Yes, it is working now, on both Ubuntu (and Centos6.6, built on Ubuntu) and OSX. With one worker thread, memory consumption is very low and stable, around 300MB. Beautiful!
With the earlier fix, there was actually a disturbing diff between expected and new output, indicating a really subtle memory bug, but that is fixed on origin/devel now too.
I will concentrate on runtime next, and experiment with multiple threads.
The profiler seems to hang when using more than 1 worker thread. Is that expected? Unsupported?
@bpr, could you verify? I have pushed an update that supports N threads, stored in a seq. Until we are sure, let's discuss this via email, or in:
Now the problem is a sudden jump in freemem on the main thread, and huge use of virtual memory. E.g.
+ log("tot=$1 occ=$2, free=$3 b4" % [$getTotalMem(), $getOccupiedMem(), $getFreeMem()])
+ GC_fullCollect()
+ log("tot=$1 occ=$2, free=$3 now" % [$getTotalMem(), $getOccupiedMem(), $getFreeMem()])
$ time N=4 SIZE=huge make
../main.exe --output_multi --min_idt 0.70 --min_cov 4 --max_n_read 500 --n_core 4 > out.nim.fasta < data/la4.huge/huge.la4falco
n
main(n_core=4)
len(seqs)=25, seed_id=2
tot=4206592 occ=3895296, free=311296 b4
tot=4206592 occ=1511424, free=2695168 now
len(seqs)=98, seed_id=14
tot=12738560 occ=5505024, free=7233536 b4
tot=12738560 occ=5517312, free=7221248 now
len(seqs)=58, seed_id=15
tot=8822784 occ=8105984, free=716800 b4
tot=8822784 occ=5414912, free=3407872 now
...
len(seqs)=37, seed_id=42
tot=9052160 occ=6340608, free=2711552 b4
tot=9052160 occ=5013504, free=4038656 now
len(seqs)=49, seed_id=43
tot=9052160 occ=6770688, free=2281472 b4
tot=9052160 occ=6270976, free=2781184 now
len(seqs)=55, seed_id=53
tot=2156535808 occ=7073792, free=2149462016 b4 !!!!!!!!!!!
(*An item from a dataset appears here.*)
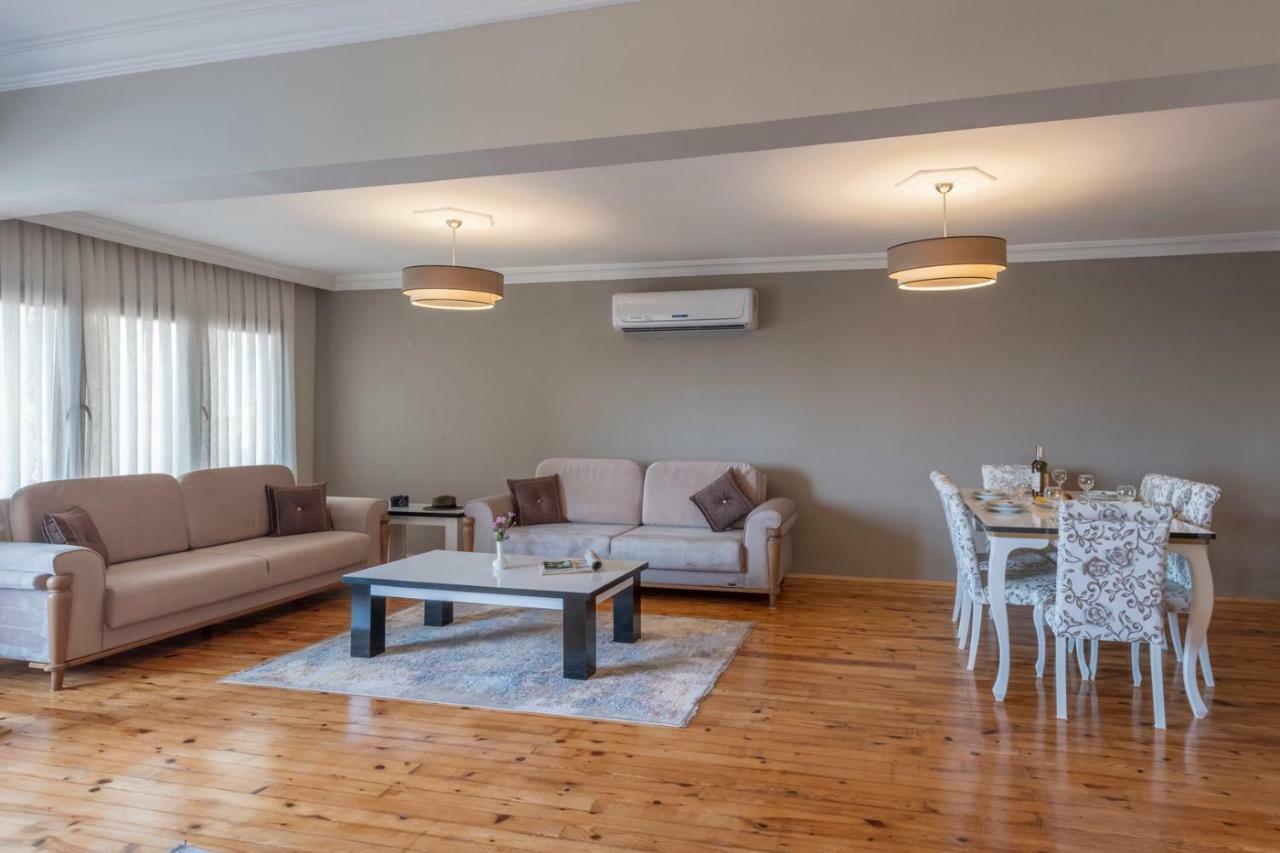 Apartmán Fethiye City Aparts Exteriér fotografie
tot=2156535808 occ=6787072, free=2149748736 now !!!!!!!!!!!
len(seqs)=50, seed_id=57
tot=9445376 occ=7110656, free=2334720 b4 ???
tot=9445376 occ=6815744, free=2629632 now
len(seqs)=29, seed_id=58
tot=9445376 occ=7041024, free=2404352 b4
tot=9445376 occ=6066176, free=3379200 now
...
See the sudden jump? Something weird is going on. (That is with GC_fullCollect() bewteen "b4" and "now" on the main thread.)
Virtual memory jumps around, as low at 1TB and as high as 60TB. So think there is still a problem, though not as bad as before: no crash, no increase in system RAM, decent runtime.
@bpr never duplicated that problem, even on Ubuntu14. Things are fine on my MacAir, and on a Centos7 machine at work. But the Ubuntu14 machines at work have this strange behavior -- except they seem fine when my Nim program is run in serial mode.
Part of the problem was me. I had work-arounds in the the threadpool library which had a strange effect with araq's new code. Without those work-arounds, virtual memory is stable, but runtime is still horrible on the Ubuntu14 virtual machines. So I can't explain it, but I guess it's something with the set-up at work.